An oil price of between $60 and $70 per barrel is both a "sweet spot" and "pain threshold" that rival oil producers in the U.S. and OPEC can tolerate when it comes to the price of oil and production, according to the head of EMEA Oil & Gas Research at JPMorgan.
"$60-70 is the pain threshold that works both for the U.S. (and OPEC)" JPMorgan's Christyan Malek told CNBC on Monday.
"Above $65 and you saw oil being released from (the U.S.') strategic (oil) reserves and we saw tweets from Trump (criticizing OPEC's production cuts). Equally, $65 to $70 is a level where Saudi and OPEC can manage in the context of their fiscal oil break-even (price per barrel). They'd ideally like higher but it does feel like the sweet spot," he said.

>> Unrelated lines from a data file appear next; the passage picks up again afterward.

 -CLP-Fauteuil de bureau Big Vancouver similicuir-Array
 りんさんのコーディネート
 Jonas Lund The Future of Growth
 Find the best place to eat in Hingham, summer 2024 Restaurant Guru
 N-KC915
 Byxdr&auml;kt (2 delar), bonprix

Brent crude futures are trading at $67.26 Monday and West Texas Intermediate (WTI) is trade at $58.46. Malek said that the trouble with cutting production -- and the corresponding rise in oil prices -- is that it encouraged more output from U.S. shale producers as the price per barrel becomes more attractive.

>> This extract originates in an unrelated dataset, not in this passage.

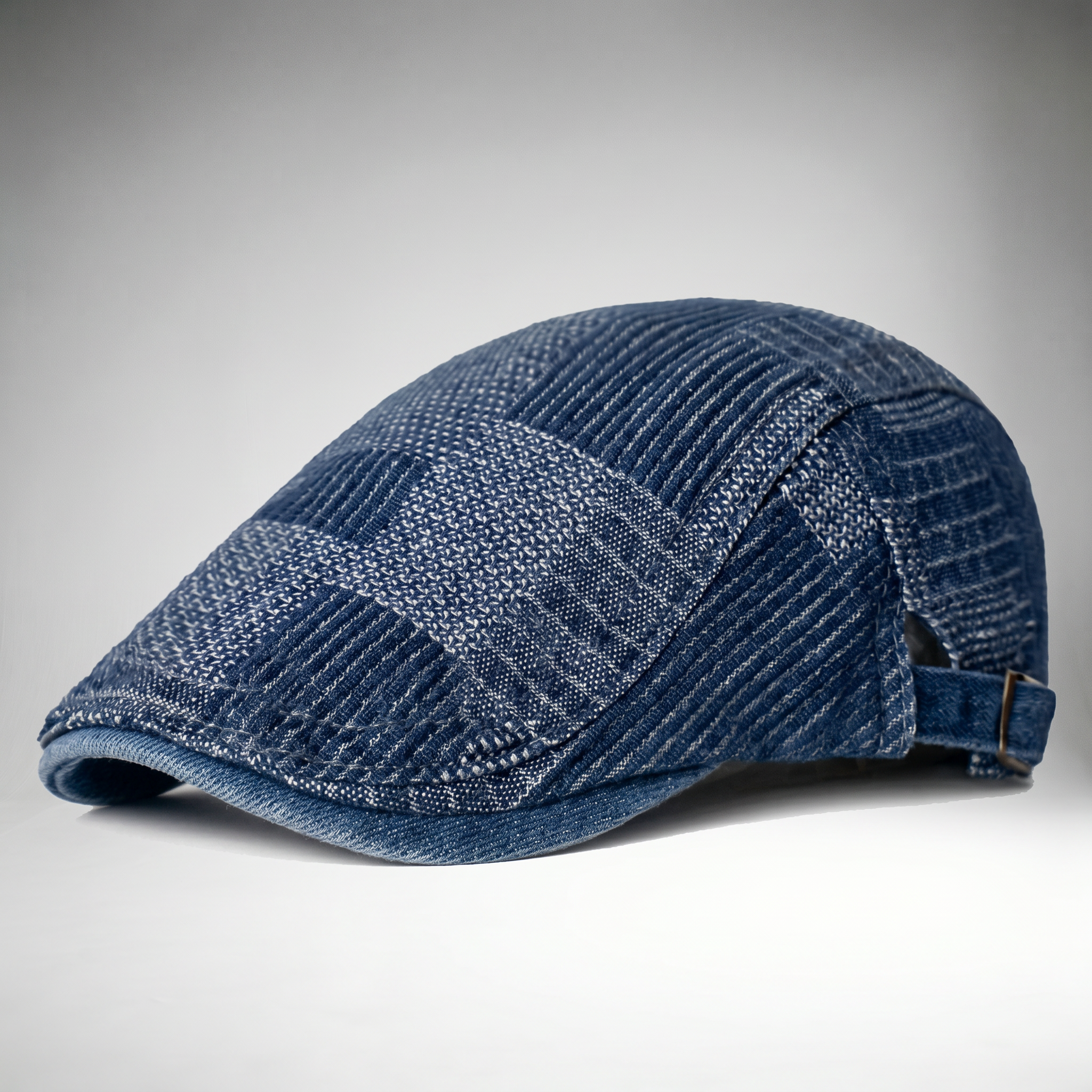 Santes | Flat Cap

More production from U.S. shale producers could affect supply and demand dynamics, putting downward pressure on oil prices if supply outweighs demand.
"The issue, however, is that at that (price) level you are seeing more U.S. shale production, more non-OPEC non-U.S. production, meaning that what you could end up seeing is a transient period of tightness but just a continuation of this oversupply that continues to recur over the next 6-12 months so you never actually see a tight market."